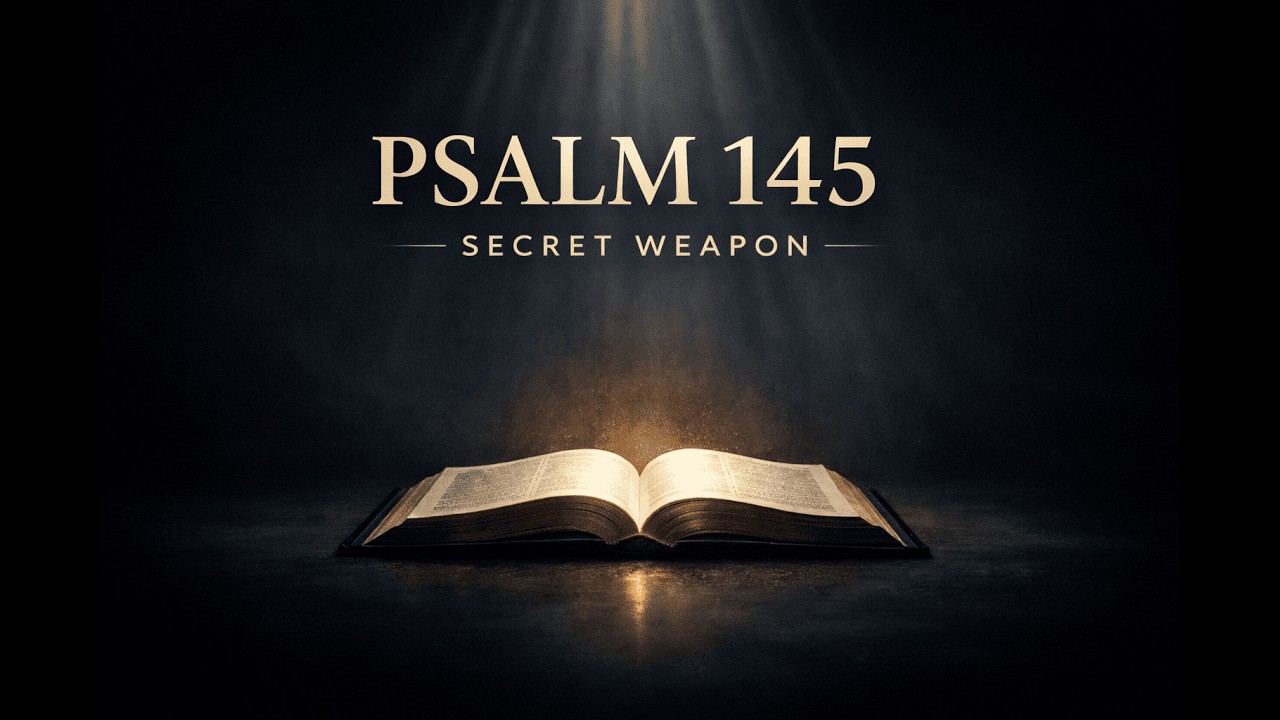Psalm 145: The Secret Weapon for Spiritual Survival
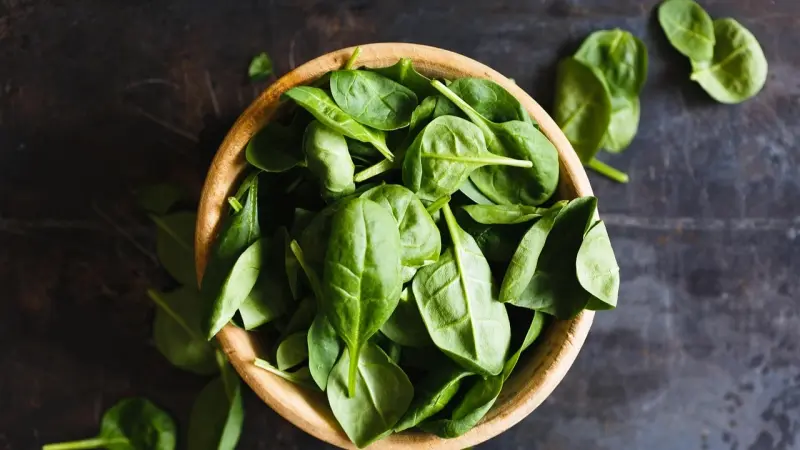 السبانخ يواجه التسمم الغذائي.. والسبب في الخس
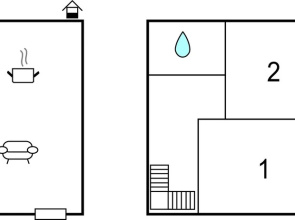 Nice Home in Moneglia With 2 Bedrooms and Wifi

++++++++++

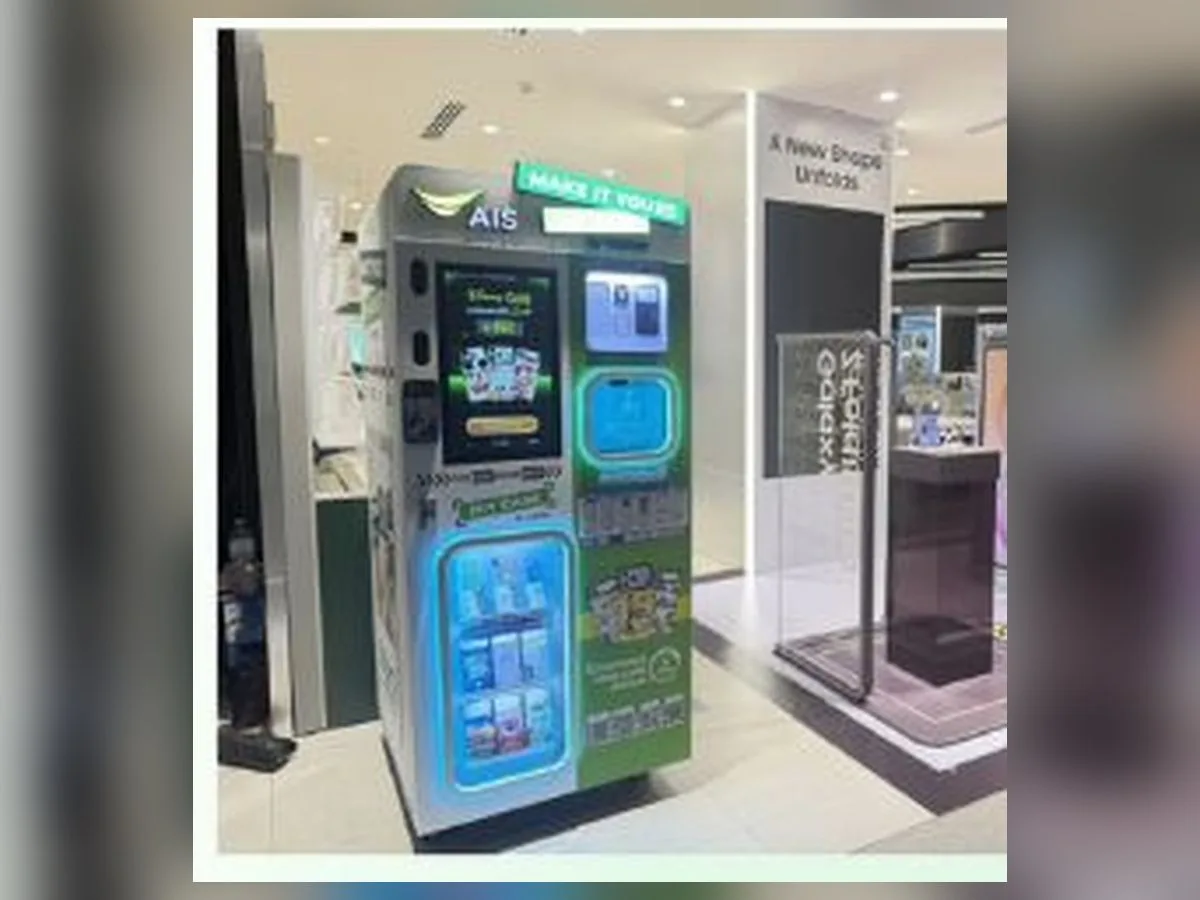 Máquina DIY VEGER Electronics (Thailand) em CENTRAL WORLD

++++++++++

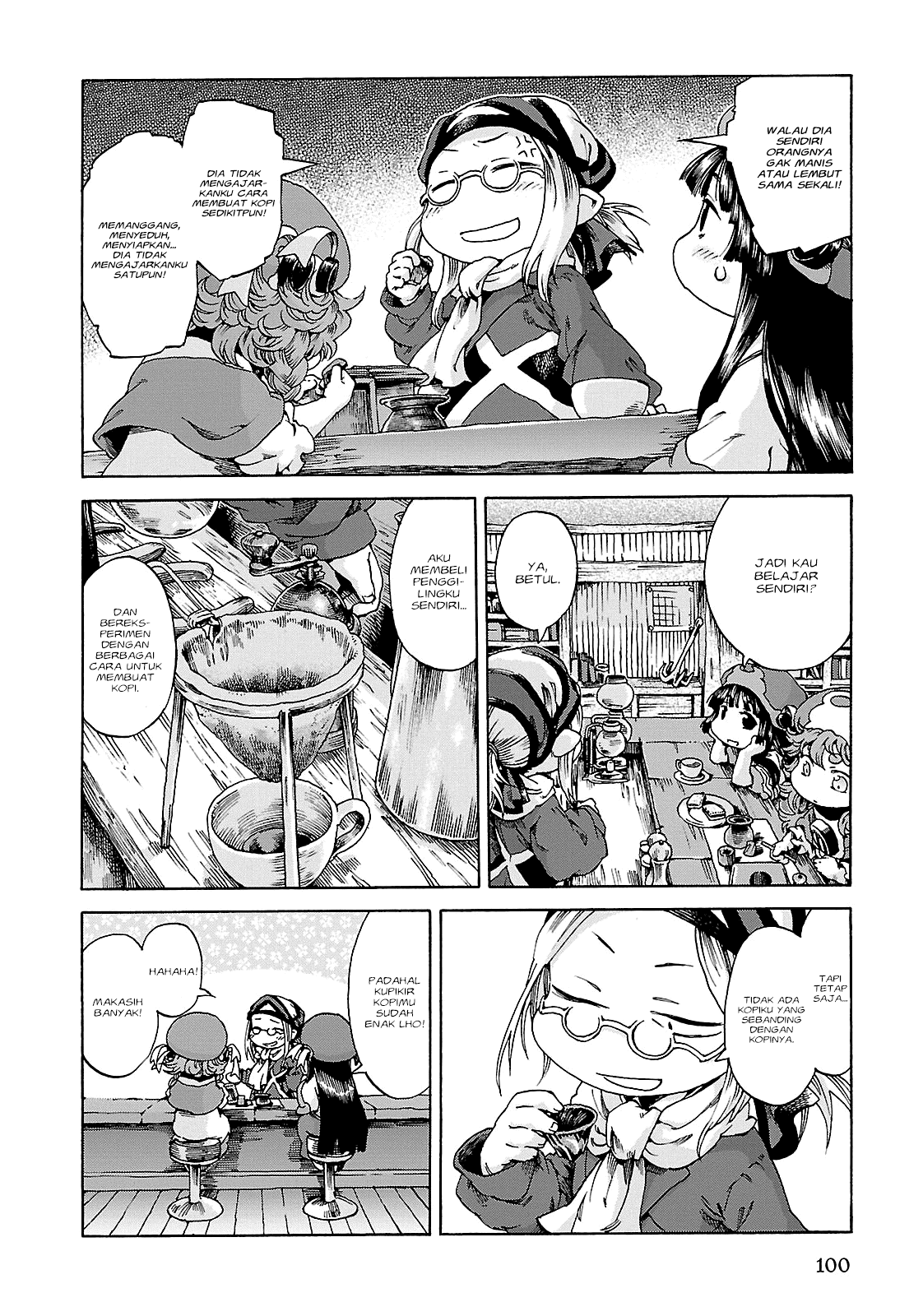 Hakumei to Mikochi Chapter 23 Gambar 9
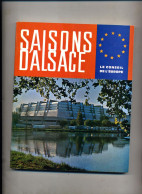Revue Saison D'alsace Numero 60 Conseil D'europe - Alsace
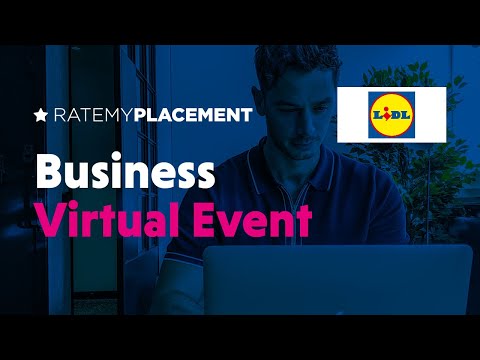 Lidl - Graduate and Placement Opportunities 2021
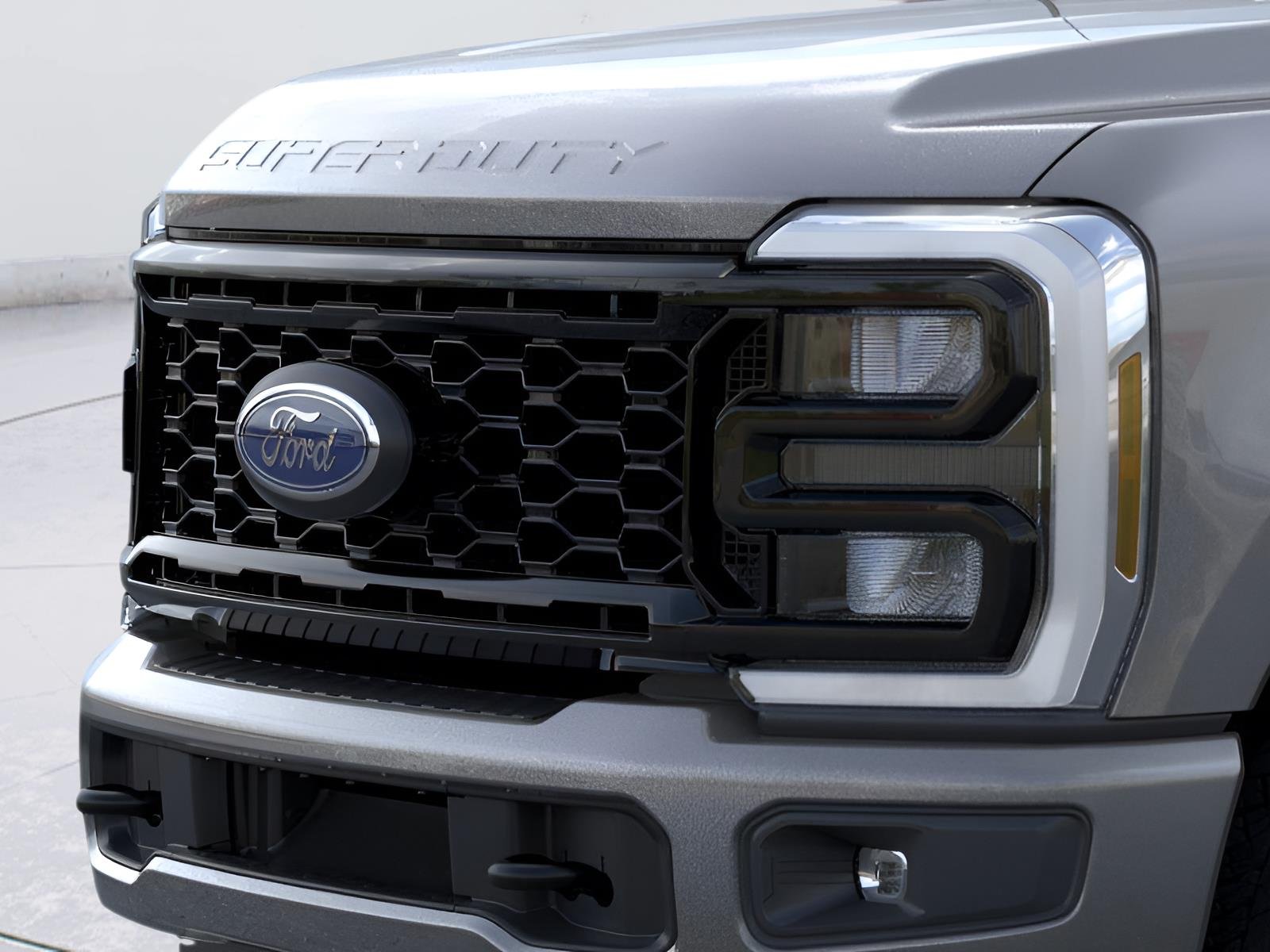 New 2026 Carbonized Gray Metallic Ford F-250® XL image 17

++++++++++

> **Instructions to follow**:
Your reply should consist solely of the lines above from the line containing "Revue Saison D'alsace" up to and including the line containing "New 2026 Carbonized", reproduced exactly, minus the pictures.

> **Response below**:
Revue Saison D'alsace Numero 60 Conseil D'europe - Alsace
 Lidl - Graduate and Placement Opportunities 2021
 New 2026 Carbonized Gray Metallic Ford F-250® XL image 17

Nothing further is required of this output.